### WORK REQUIRED
An exact copy of every record below is what's needed here.

### THE INPUT
*-*-*

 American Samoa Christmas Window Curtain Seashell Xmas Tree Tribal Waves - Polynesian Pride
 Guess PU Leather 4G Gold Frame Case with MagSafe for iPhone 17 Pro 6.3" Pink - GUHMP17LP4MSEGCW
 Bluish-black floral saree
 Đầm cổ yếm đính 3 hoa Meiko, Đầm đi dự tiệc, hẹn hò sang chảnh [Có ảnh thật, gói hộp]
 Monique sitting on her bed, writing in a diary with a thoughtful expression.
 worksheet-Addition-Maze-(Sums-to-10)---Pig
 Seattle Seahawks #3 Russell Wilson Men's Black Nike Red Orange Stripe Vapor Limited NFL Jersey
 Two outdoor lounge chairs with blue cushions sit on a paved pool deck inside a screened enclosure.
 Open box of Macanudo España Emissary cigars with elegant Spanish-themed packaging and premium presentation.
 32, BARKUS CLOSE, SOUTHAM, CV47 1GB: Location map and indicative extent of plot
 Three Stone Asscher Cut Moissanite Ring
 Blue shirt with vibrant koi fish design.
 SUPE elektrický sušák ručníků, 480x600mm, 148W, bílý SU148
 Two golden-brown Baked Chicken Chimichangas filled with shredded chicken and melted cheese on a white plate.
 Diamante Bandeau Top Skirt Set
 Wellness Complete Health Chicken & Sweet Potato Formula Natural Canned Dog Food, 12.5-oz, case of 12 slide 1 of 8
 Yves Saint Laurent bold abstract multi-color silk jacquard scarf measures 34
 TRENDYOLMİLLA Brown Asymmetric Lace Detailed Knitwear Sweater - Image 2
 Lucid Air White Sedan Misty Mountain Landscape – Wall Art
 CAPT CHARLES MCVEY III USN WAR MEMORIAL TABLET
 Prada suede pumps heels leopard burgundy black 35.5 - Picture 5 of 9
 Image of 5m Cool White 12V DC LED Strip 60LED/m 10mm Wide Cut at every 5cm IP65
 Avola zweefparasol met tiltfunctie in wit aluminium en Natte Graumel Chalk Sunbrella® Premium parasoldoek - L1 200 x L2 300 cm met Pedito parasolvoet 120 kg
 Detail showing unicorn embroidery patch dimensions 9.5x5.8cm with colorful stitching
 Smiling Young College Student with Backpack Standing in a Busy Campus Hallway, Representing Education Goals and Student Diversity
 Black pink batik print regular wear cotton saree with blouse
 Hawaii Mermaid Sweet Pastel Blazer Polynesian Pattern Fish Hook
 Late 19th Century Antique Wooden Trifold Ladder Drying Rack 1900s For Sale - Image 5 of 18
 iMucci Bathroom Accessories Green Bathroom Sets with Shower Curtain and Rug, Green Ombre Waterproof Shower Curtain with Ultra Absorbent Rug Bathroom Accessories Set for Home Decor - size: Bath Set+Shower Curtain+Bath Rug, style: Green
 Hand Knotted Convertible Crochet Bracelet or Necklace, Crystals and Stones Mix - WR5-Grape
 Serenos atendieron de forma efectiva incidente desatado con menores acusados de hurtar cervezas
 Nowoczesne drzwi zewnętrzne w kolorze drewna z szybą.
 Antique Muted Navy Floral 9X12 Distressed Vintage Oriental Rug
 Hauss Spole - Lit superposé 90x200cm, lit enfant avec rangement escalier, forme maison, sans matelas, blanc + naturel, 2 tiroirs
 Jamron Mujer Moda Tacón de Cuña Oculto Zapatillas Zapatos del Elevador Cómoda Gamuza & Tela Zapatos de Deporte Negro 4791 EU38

*-*-*

### SOLUTION
 American Samoa Christmas Window Curtain Seashell Xmas Tree Tribal Waves - Polynesian Pride
 Guess PU Leather 4G Gold Frame Case with MagSafe for iPhone 17 Pro 6.3" Pink - GUHMP17LP4MSEGCW
 Bluish-black floral saree
 Đầm cổ yếm đính 3 hoa Meiko, Đầm đi dự tiệc, hẹn hò sang chảnh [Có ảnh thật, gói hộp]
 Monique sitting on her bed, writing in a diary with a thoughtful expression.
 worksheet-Addition-Maze-(Sums-to-10)---Pig
 Seattle Seahawks #3 Russell Wilson Men's Black Nike Red Orange Stripe Vapor Limited NFL Jersey
 Two outdoor lounge chairs with blue cushions sit on a paved pool deck inside a screened enclosure.
 Open box of Macanudo España Emissary cigars with elegant Spanish-themed packaging and premium presentation.
 32, BARKUS CLOSE, SOUTHAM, CV47 1GB: Location map and indicative extent of plot
 Three Stone Asscher Cut Moissanite Ring
 Blue shirt with vibrant koi fish design.
 SUPE elektrický sušák ručníků, 480x600mm, 148W, bílý SU148
 Two golden-brown Baked Chicken Chimichangas filled with shredded chicken and melted cheese on a white plate.
 Diamante Bandeau Top Skirt Set
 Wellness Complete Health Chicken & Sweet Potato Formula Natural Canned Dog Food, 12.5-oz, case of 12 slide 1 of 8
 Yves Saint Laurent bold abstract multi-color silk jacquard scarf measures 34
 TRENDYOLMİLLA Brown Asymmetric Lace Detailed Knitwear Sweater - Image 2
 Lucid Air White Sedan Misty Mountain Landscape – Wall Art
 CAPT CHARLES MCVEY III USN WAR MEMORIAL TABLET
 Prada suede pumps heels leopard burgundy black 35.5 - Picture 5 of 9
 Image of 5m Cool White 12V DC LED Strip 60LED/m 10mm Wide Cut at every 5cm IP65
 Avola zweefparasol met tiltfunctie in wit aluminium en Natte Graumel Chalk Sunbrella® Premium parasoldoek - L1 200 x L2 300 cm met Pedito parasolvoet 120 kg
 Detail showing unicorn embroidery patch dimensions 9.5x5.8cm with colorful stitching
 Smiling Young College Student with Backpack Standing in a Busy Campus Hallway, Representing Education Goals and Student Diversity
 Black pink batik print regular wear cotton saree with blouse
 Hawaii Mermaid Sweet Pastel Blazer Polynesian Pattern Fish Hook
 Late 19th Century Antique Wooden Trifold Ladder Drying Rack 1900s For Sale - Image 5 of 18
 iMucci Bathroom Accessories Green Bathroom Sets with Shower Curtain and Rug, Green Ombre Waterproof Shower Curtain with Ultra Absorbent Rug Bathroom Accessories Set for Home Decor - size: Bath Set+Shower Curtain+Bath Rug, style: Green
 Hand Knotted Convertible Crochet Bracelet or Necklace, Crystals and Stones Mix - WR5-Grape
 Serenos atendieron de forma efectiva incidente desatado con menores acusados de hurtar cervezas
 Nowoczesne drzwi zewnętrzne w kolorze drewna z szybą.
 Antique Muted Navy Floral 9X12 Distressed Vintage Oriental Rug
 Hauss Spole - Lit superposé 90x200cm, lit enfant avec rangement escalier, forme maison, sans matelas, blanc + naturel, 2 tiroirs
 Jamron Mujer Moda Tacón de Cuña Oculto Zapatillas Zapatos del Elevador Cómoda Gamuza & Tela Zapatos de Deporte Negro 4791 EU38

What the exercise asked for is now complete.